**Work instructions:** Leaving the pictures aside, repeat every line below exactly.

**Available data:**
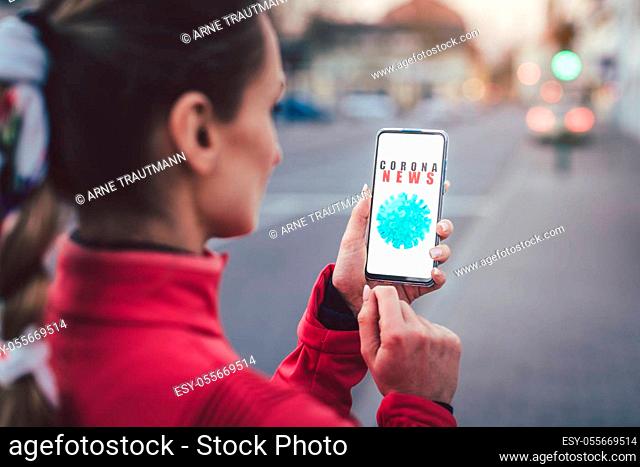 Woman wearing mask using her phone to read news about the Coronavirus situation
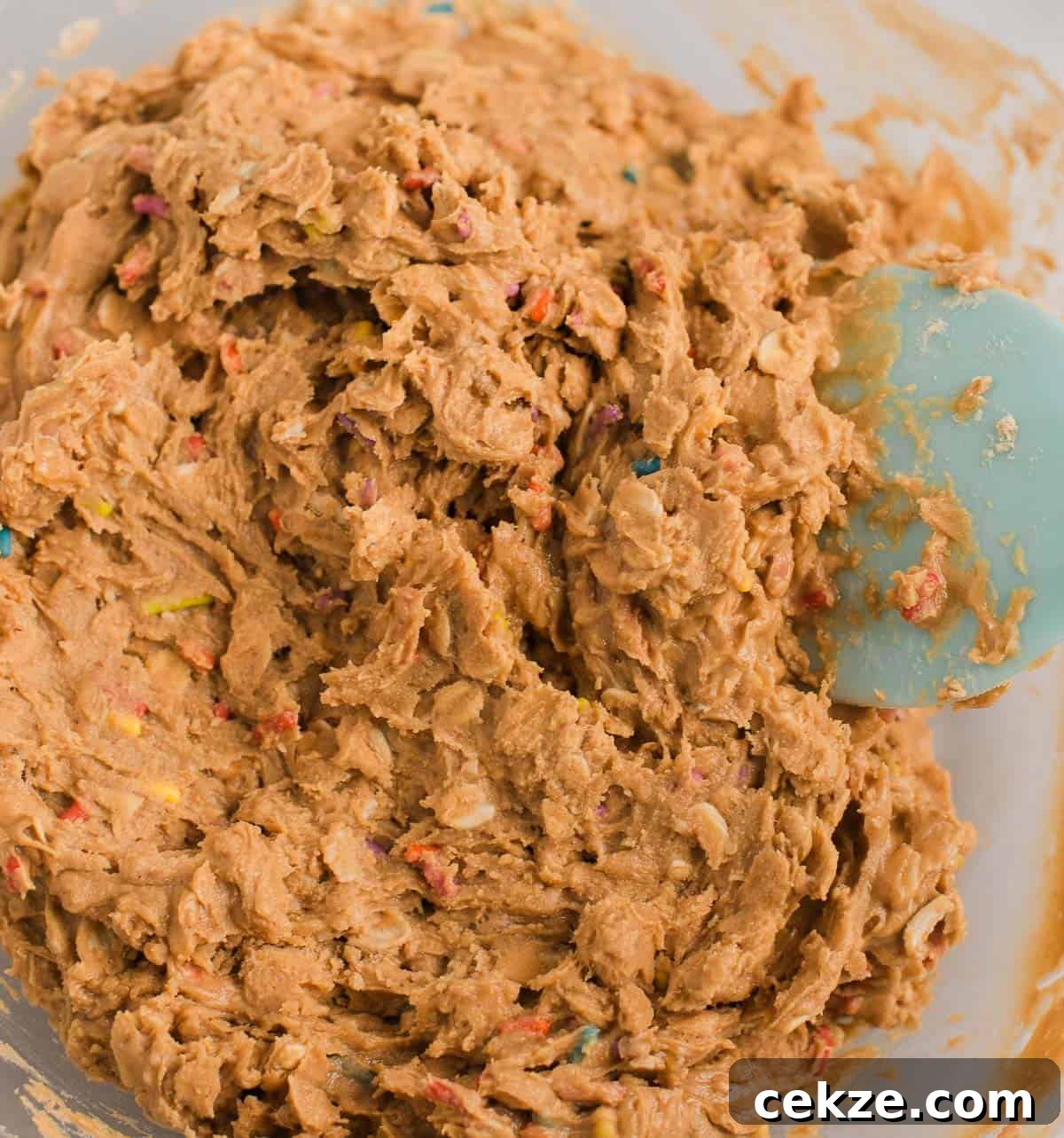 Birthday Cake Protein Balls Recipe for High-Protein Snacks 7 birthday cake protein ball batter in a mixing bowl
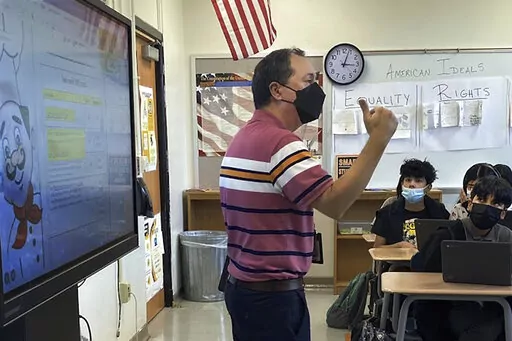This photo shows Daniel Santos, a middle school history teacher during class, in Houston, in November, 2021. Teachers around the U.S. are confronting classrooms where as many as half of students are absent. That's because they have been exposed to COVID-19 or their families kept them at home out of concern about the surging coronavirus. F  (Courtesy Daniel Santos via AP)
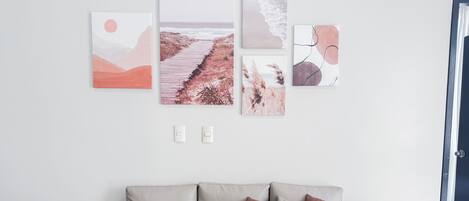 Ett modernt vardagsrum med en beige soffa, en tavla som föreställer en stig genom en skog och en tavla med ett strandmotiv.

**Exercise output:**
 Woman wearing mask using her phone to read news about the Coronavirus situation
 Birthday Cake Protein Balls Recipe for High-Protein Snacks 7 birthday cake protein ball batter in a mixing bowl
This photo shows Daniel Santos, a middle school history teacher during class, in Houston, in November, 2021. Teachers around the U.S. are confronting classrooms where as many as half of students are absent. That's because they have been exposed to COVID-19 or their families kept them at home out of concern about the surging coronavirus. F  (Courtesy Daniel Santos via AP)
 Ett modernt vardagsrum med en beige soffa, en tavla som föreställer en stig genom en skog och en tavla med ett strandmotiv.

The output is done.